### ACTION ITEM
Starting with the line below that holds "Smiling man in woolen sweater" and stopping after the line that holds "Snowman and Friends", transcribe the lines exactly, leaving out all pictures.

[Extracted data entries]
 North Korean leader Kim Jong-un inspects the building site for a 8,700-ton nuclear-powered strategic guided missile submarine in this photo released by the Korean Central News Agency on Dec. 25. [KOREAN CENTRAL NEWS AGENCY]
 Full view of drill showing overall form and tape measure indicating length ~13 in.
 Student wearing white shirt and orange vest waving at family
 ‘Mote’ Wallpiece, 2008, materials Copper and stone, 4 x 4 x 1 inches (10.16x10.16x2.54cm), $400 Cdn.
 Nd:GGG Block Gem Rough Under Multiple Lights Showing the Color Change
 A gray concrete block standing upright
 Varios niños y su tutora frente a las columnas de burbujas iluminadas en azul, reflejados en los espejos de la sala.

...

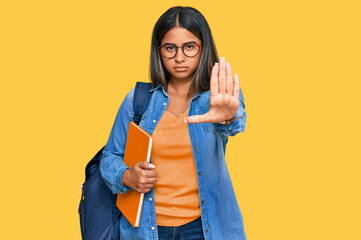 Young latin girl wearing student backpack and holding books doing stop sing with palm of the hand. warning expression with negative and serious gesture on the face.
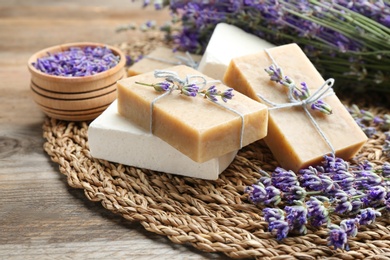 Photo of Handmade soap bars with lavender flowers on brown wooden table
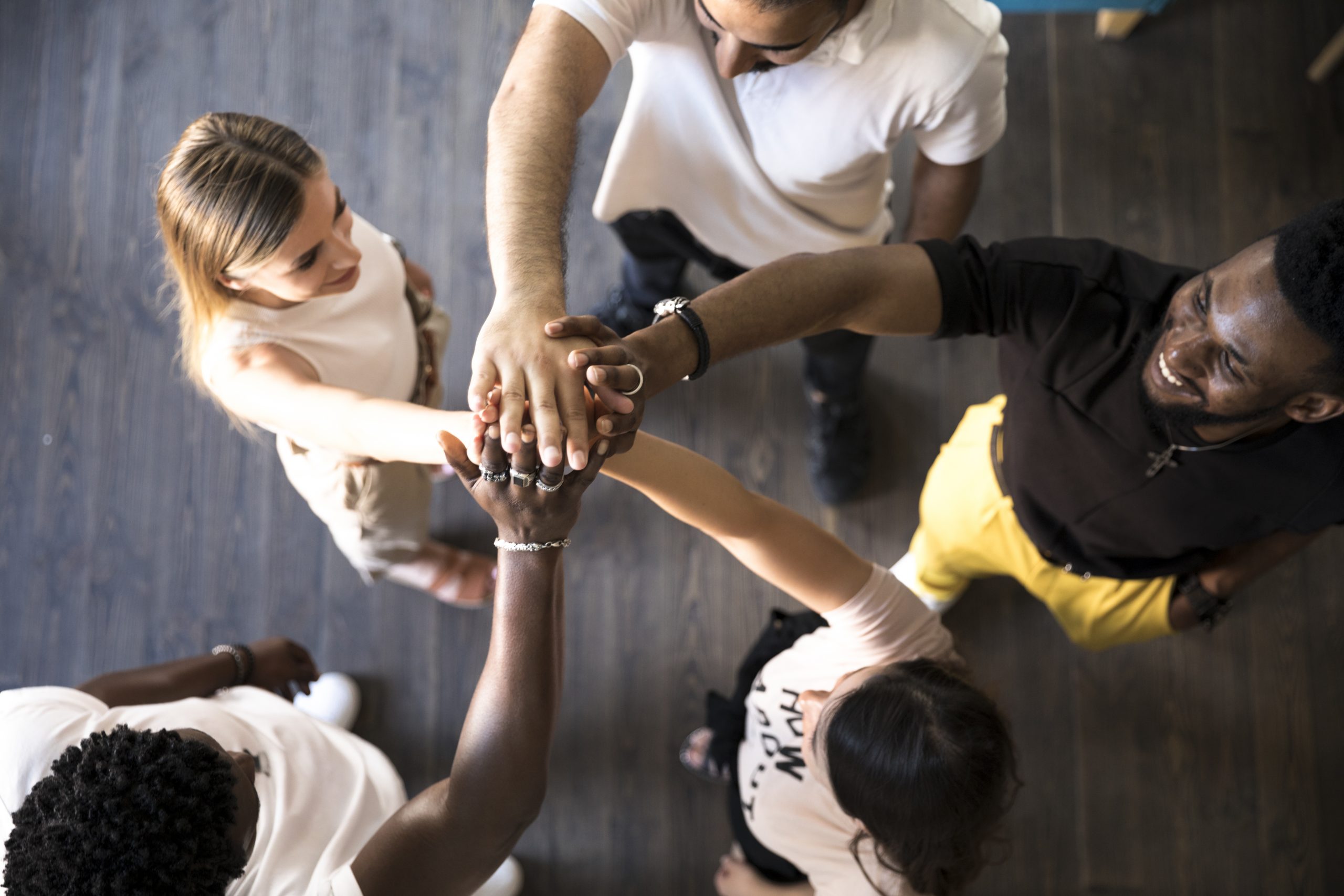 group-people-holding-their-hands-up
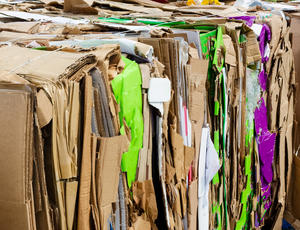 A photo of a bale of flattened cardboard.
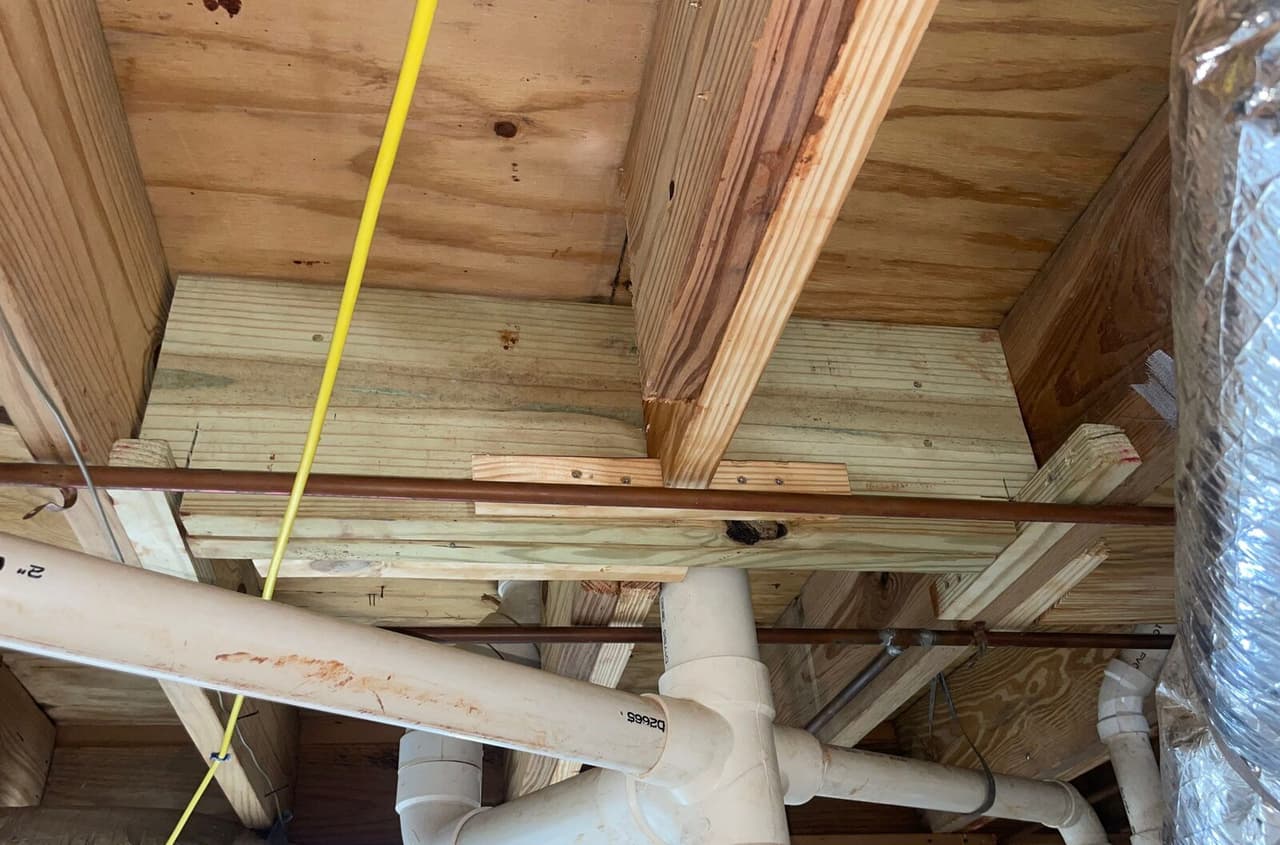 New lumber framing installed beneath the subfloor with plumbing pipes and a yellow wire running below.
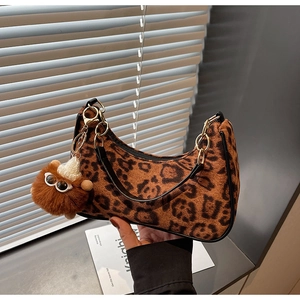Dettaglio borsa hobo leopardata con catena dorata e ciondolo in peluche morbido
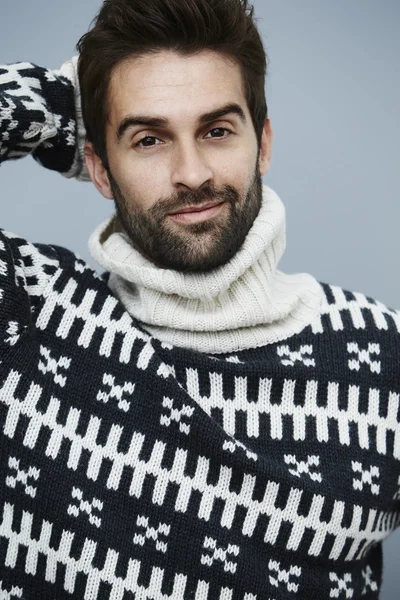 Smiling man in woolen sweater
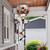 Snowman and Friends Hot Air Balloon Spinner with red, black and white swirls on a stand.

### TASK ANSWER
 Smiling man in woolen sweater
 Snowman and Friends Hot Air Balloon Spinner with red, black and white swirls on a stand.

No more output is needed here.